New law to reduce aviation emissions in EU with use of SAF
Photo courtesy of Lufthansa

New law to reduce aviation emissions in EU with use of SAF

The European Commission announced on April 26, 2023 that the European Parliament and the European Council have reached a “political agreement” on the ReFuelEU Aviation proposal.  The agreement sets out the use of sustainable aviation fuel (SAF) from flights within and departing the European Union (EU) between 2025 and 2050.

The political agreement now requires formal adoption by the Parliament and the Council. Once this process is completed, the new legislation will be published in the Official Journal of the European Union and enter into force with immediate effect. 

Once in place, the new rules will help decarbonise the aviation sector by requiring fuel suppliers to blend sustainable aviation fuels (SAF) with kerosene in increasing amounts from 2025. This measure on its own is projected to reduce aircraft CO2 emissions by around two-thirds by 2050 compared to a ‘no action’ scenario, and provide climate and air quality benefits by reducing non-CO2 emissions, according to the European Commission.

The blending mandate covers biofuels , recycled carbon fuels and synthetic aviation fuels (e-fuels) in line with the Renewable Energy Directive (RED), but excludes food and feed crops, supporting sustainability objectives. 

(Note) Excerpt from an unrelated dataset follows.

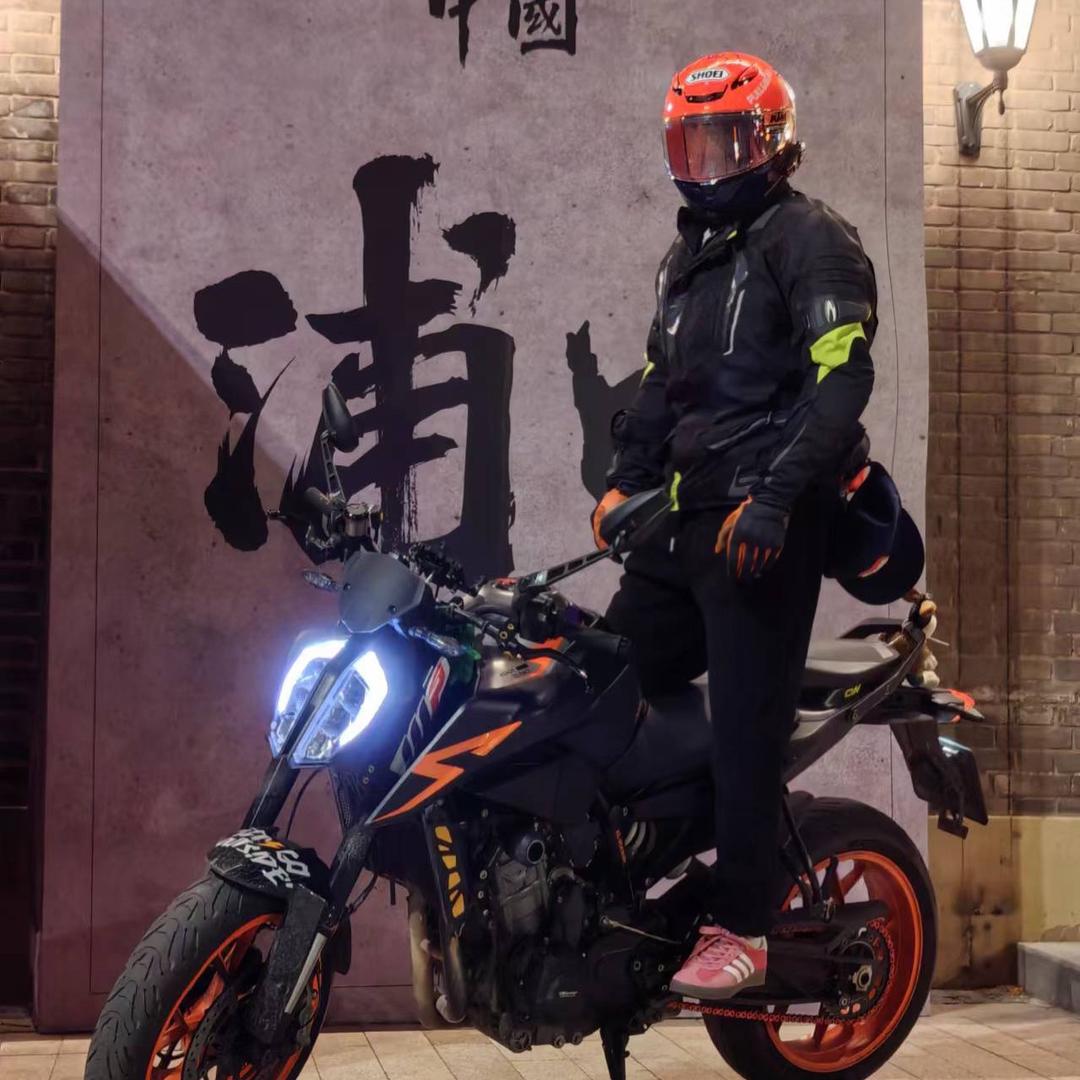 ゆ人生若只如初见，何事秋风悲画扇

Some of the key elements of the agreement include:

  • Setting of mandates for minimum SAF uplift at EU airports of 2% by 2025, 6% by 2030 and 20% by 2035, up to a maximum of 70% by 2050. Of these amounts, 1.2% in 2030, and 5% in 2035 must be power to liquid (PtL) or E-Fuels, increasing to 35% by 2050.
  • A requirement for the European Commission to report by 2024 on the feasibility of a Book and Claim (B&C) system for airlines to manage the supply of SAF in a flexible way across the EU.
  • A call for States to adhere to a single EU SAF mandate and avoid a patchwork of national SAF mandates.

Aircraft operators departing from EU airports will be required to refuel only with the fuel necessary for the flight, to avoid emissions related to extra weight or carbon leakage caused by ‘tankering’ practices (deliberately carrying excess fuel to avoid refuelling with SAF). Further, airports will have to ensure that their fuelling infrastructure is available and fit for SAF distribution. 

Since it will apply throughout the EU, the new mandate will ensure a level playing field within the EU market, providing “legal certainty” to fuel producers.

“While mandates for SAF use send a signal to producers and the market, without a comprehensive policy framework to incentivise cheaper production and more flexible rules of supply, mandates alone simply risk a huge increase in cost and a licence to print money for fuel suppliers, while raising the price of mobility throughout the EU,” said Conrad Clifford, deputy director general of the International Air Transport Association (IATA). The IATA represents some 300 airlines comprising 83% of global air traffic.

The IATA urged that a book and claim system be established to create a flexible market for SAF across the EU. “The reality is that the commission has already conceded that supply will be uneven across the EU, which therefore makes it all the more essential to have a proper B&C system in place before the 2% mandate comes into force. Alongside expert stakeholders, IATA is working on a robust global framework for applying a harmonised B&C system for the aviation industry, and we hope to work together with the commission to apply this framework in the EU,” said Clifford.